* [The input]:
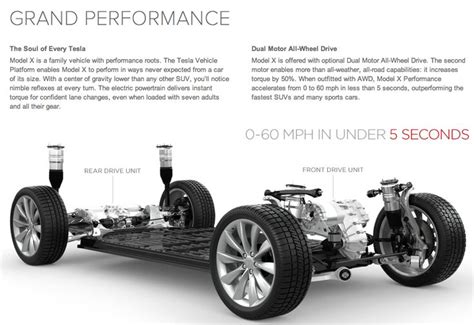 Tesla Model X Dual Electric Motor All Wheel Drive 44sec To 60mph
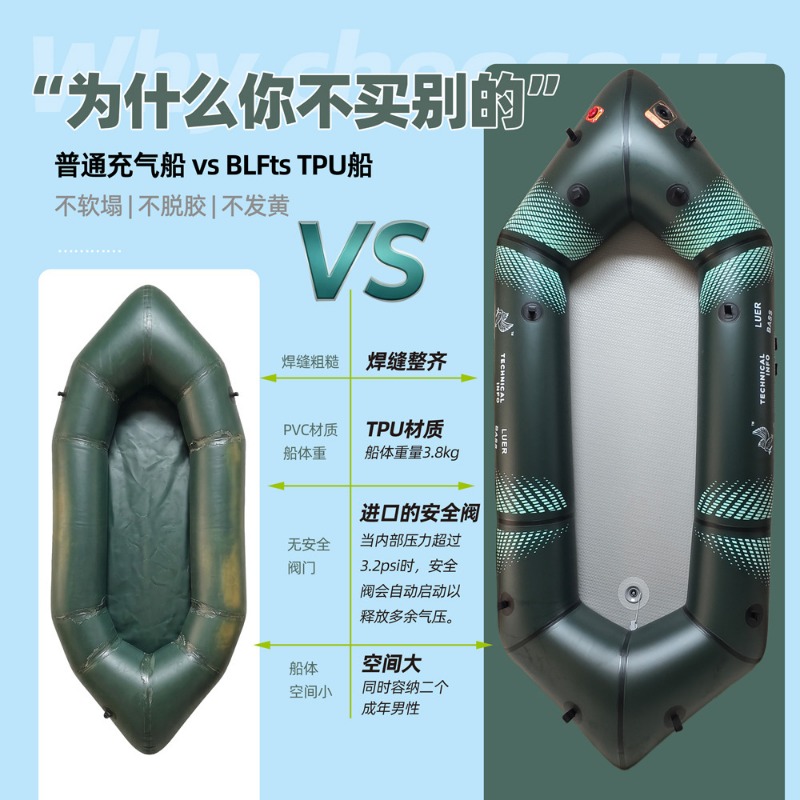 Łódka wędkarska BLFst Fly Fish – Fishing Boat Inflatable recenzja i cena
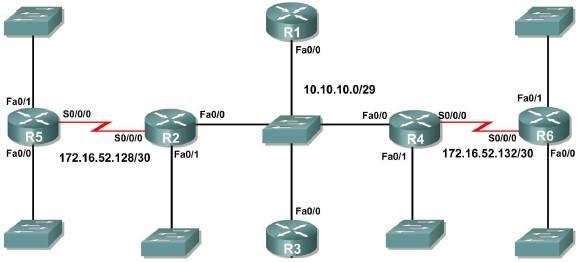 Zadanie 37. Który wpis konfiguracyjny uniemożliwi poprawne działanie sieci pomiędzy ruterami R5 i R6? Zadanie 38. R1(config)#interface fa0/0 R1(config-if)#ipaddres 10.10.10.1 255.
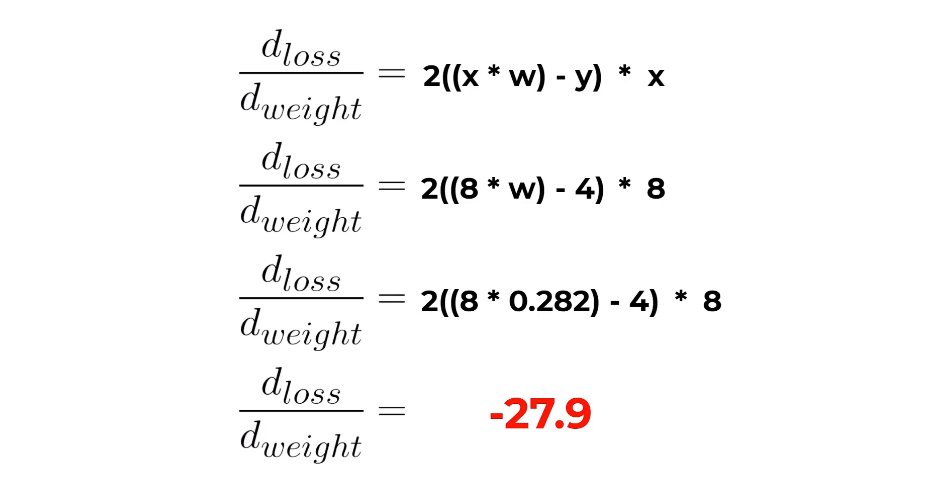 gradient calculation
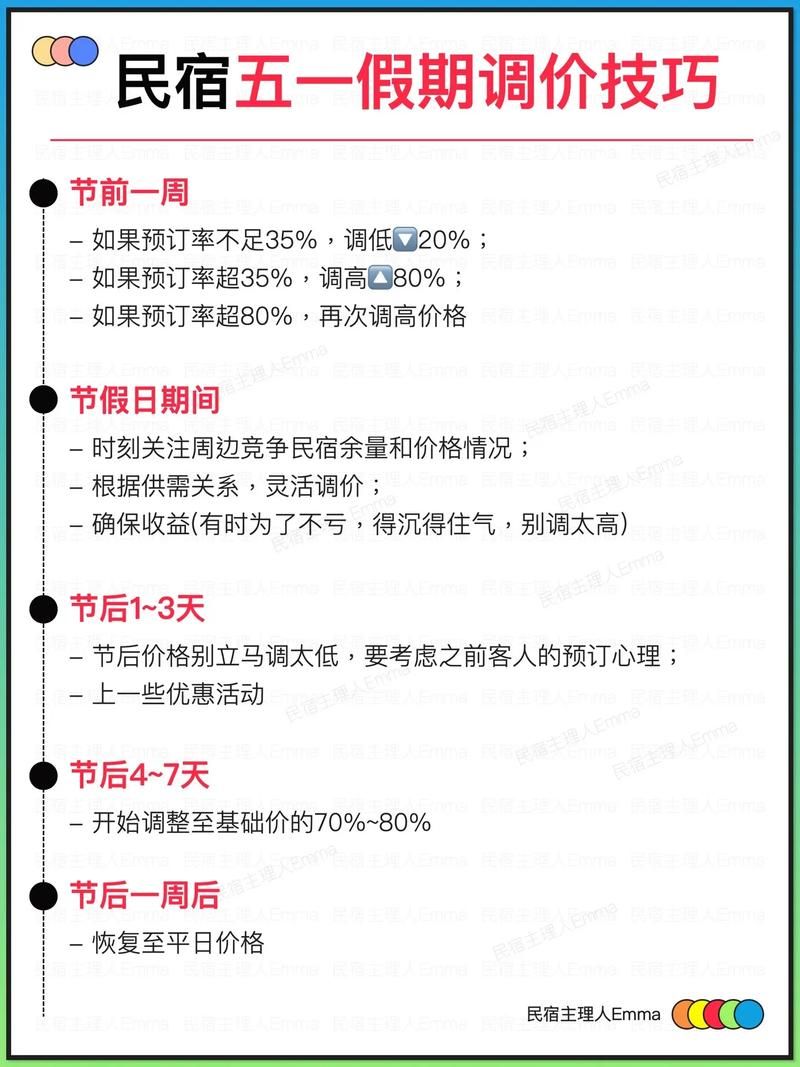 今年51怎么放假最划算这份拼假指南请收好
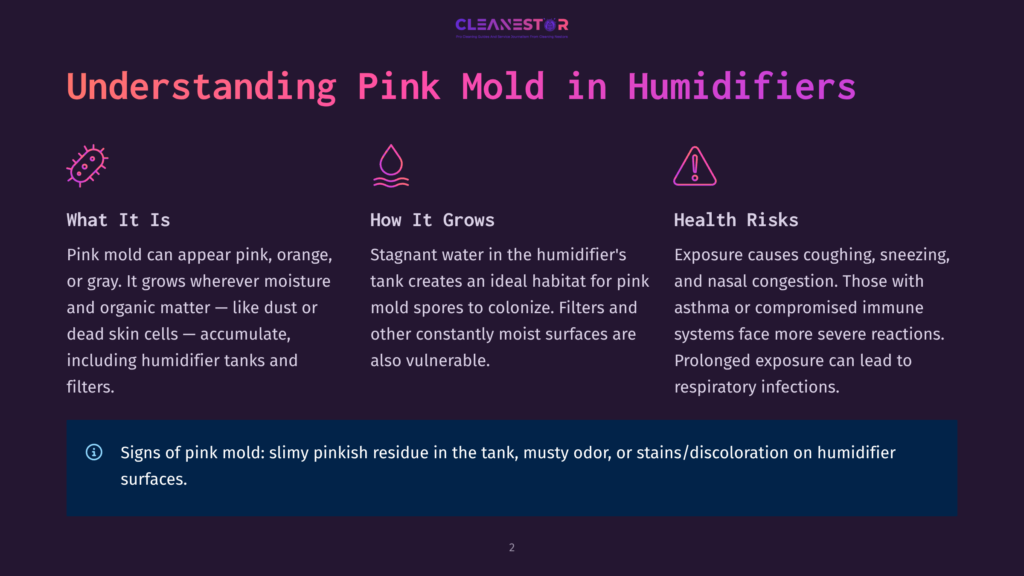 Understanding Pink Mold In Humidifiers: What It Is, How It Grows, And Health Risks. Features Icons Representing A Germ, A Water Droplet, And A Warning Sign.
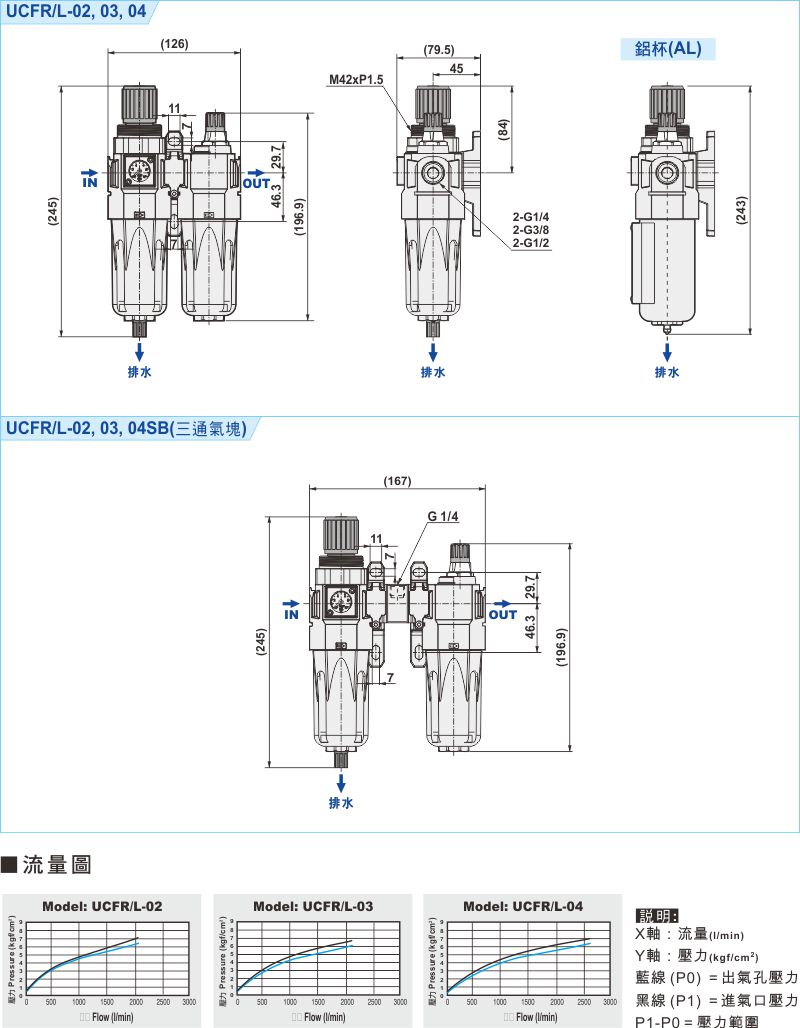 proimages/1_2020_tw/1/3_Dimensions/UCFR／L-1.jpg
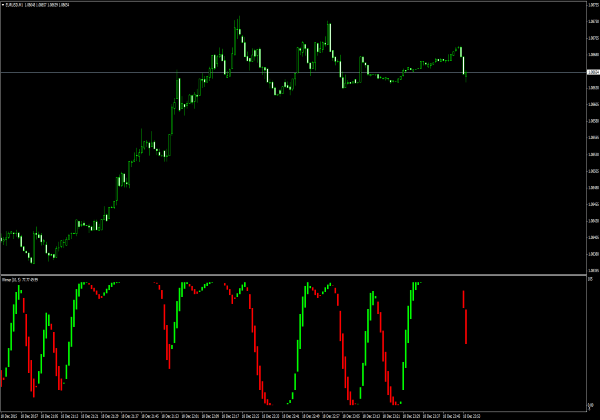 Индикатор победителя для MetaTrader 4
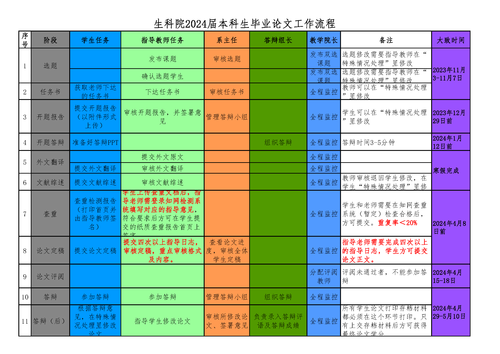 附件2. 澳门银河
-2024届本科生毕业论文（设计）工作流程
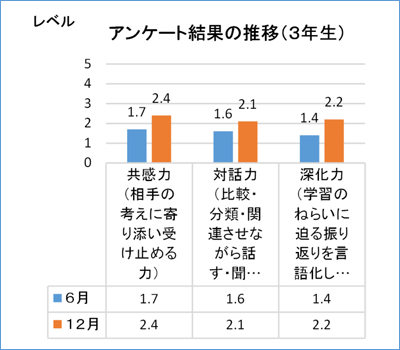 アンケート結果の推移（３年生）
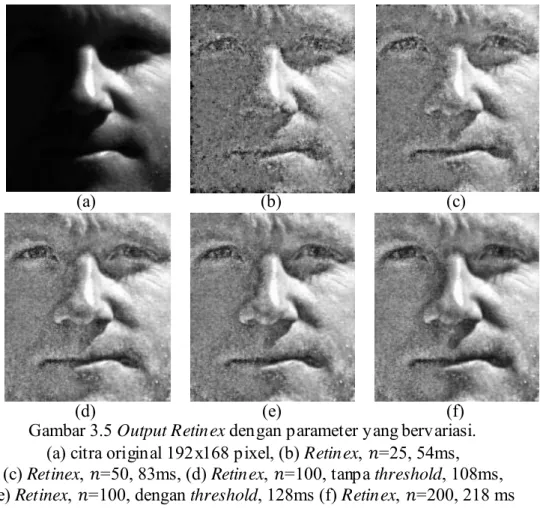 Gambar 3.5 Output Retinex dengan parameter yang bervariasi. 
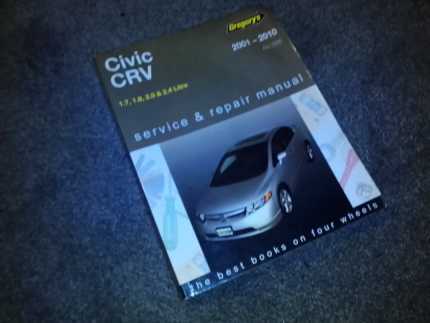 2001 civic repair manual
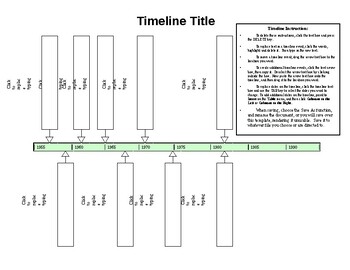 Preview of Basic Social Science Timeline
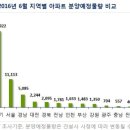 6월 전국 5만9000가구 분양…70%가 서울·수도권 이미지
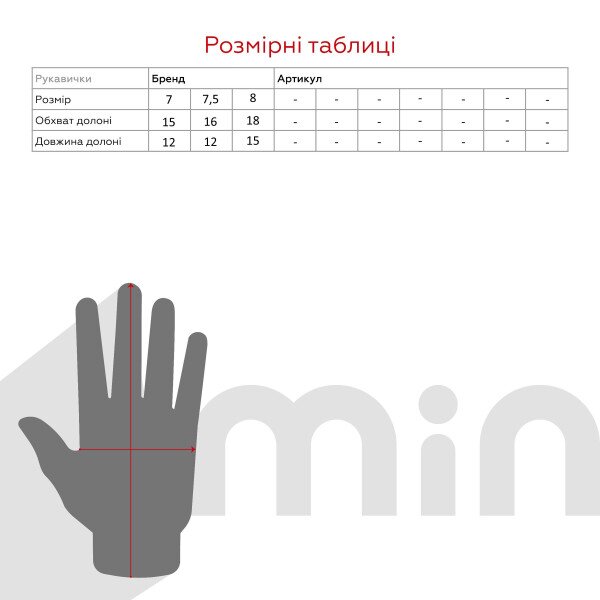 size grid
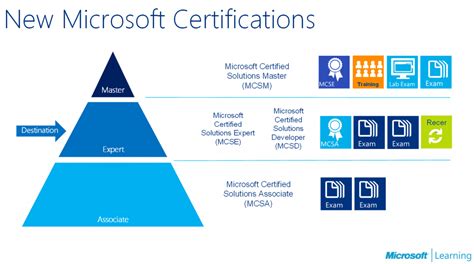 Tips You Should Follow to Prepare for Microsoft MCSA 70-532 ...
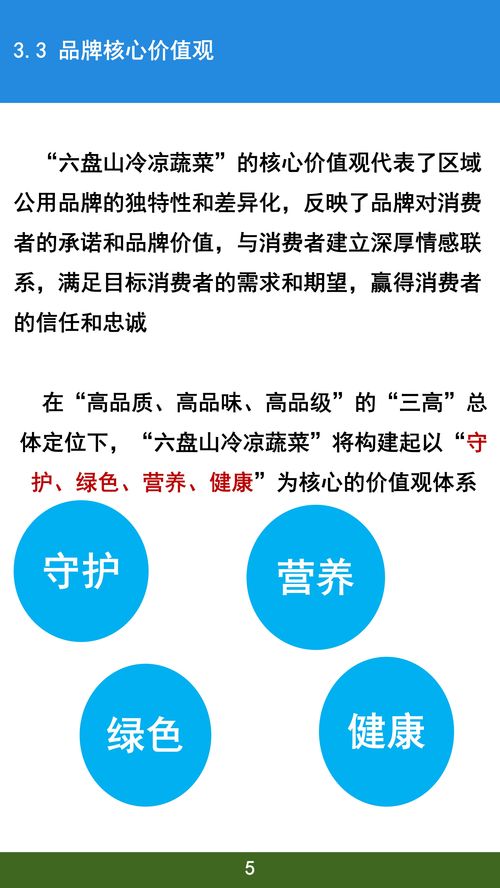 一圖讀懂六盤山冷涼蔬菜區域公用品牌建設規劃公共資源交易運行技術服務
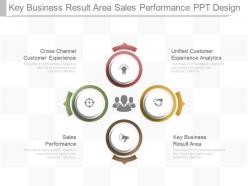 Key business result area sales performance ppt design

* [Work instructions]: Starting at the line that contains "Zadanie 37. Który" and ending at the line that contains "今年51怎么放假最划算这份拼假指南请收好", transcribe the material above exactly, excluding pictures.

* [Finished task]:
 Zadanie 37. Który wpis konfiguracyjny uniemożliwi poprawne działanie sieci pomiędzy ruterami R5 i R6? Zadanie 38. R1(config)#interface fa0/0 R1(config-if)#ipaddres 10.10.10.1 255.
 gradient calculation
 今年51怎么放假最划算这份拼假指南请收好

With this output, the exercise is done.